During a verification flow, these checks are handled automatically using secure industry-leading methods, allowing you to retrieve a simple result.

DID Purposes

A DID can be created and used in different ways, this section explains how they are used by the platform for different purposes and common names they are referred to when being used in these ways.

Note a DID of a certain ‘method’ can be used for any purpose but practically some are better suited than others.

Issuer DID - When a DID, that has been created on the Platform by an issuer, is used to create a proof for a credential, either directly on the Create credential endpoint or via the OIDC Bridge Issuer, it can be referred to as an Issuer DID.

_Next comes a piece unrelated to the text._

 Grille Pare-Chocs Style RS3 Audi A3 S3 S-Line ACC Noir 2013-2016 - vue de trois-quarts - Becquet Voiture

The DID Document needs to be publicly discoverable by Verifiers so they can know that the DID used for the proof of the Credential is from someone they trust (could be via Government backed Trust framework, large enterprise or another organisation they already know).
Both did:web and did:ion allow for BLS keys to be used to create ZKP-enabled credentials as well as future-proofing for key-rotation if required. A did:key with ed22159 or BLS keys can be used but pose limitations for long-lived credentials, as there is no abstraction between the DID and the key.

BLS keys for did:web is a roadmap item

Verifier DID - When a DID, created on the Platform by a verifier, is used in the messaging for a presentation exchange, it can be referred to as a Verifier DID.

The credential holder needs to know that the Presentation Request from a verifier is valid before sending their personal credential data in the response.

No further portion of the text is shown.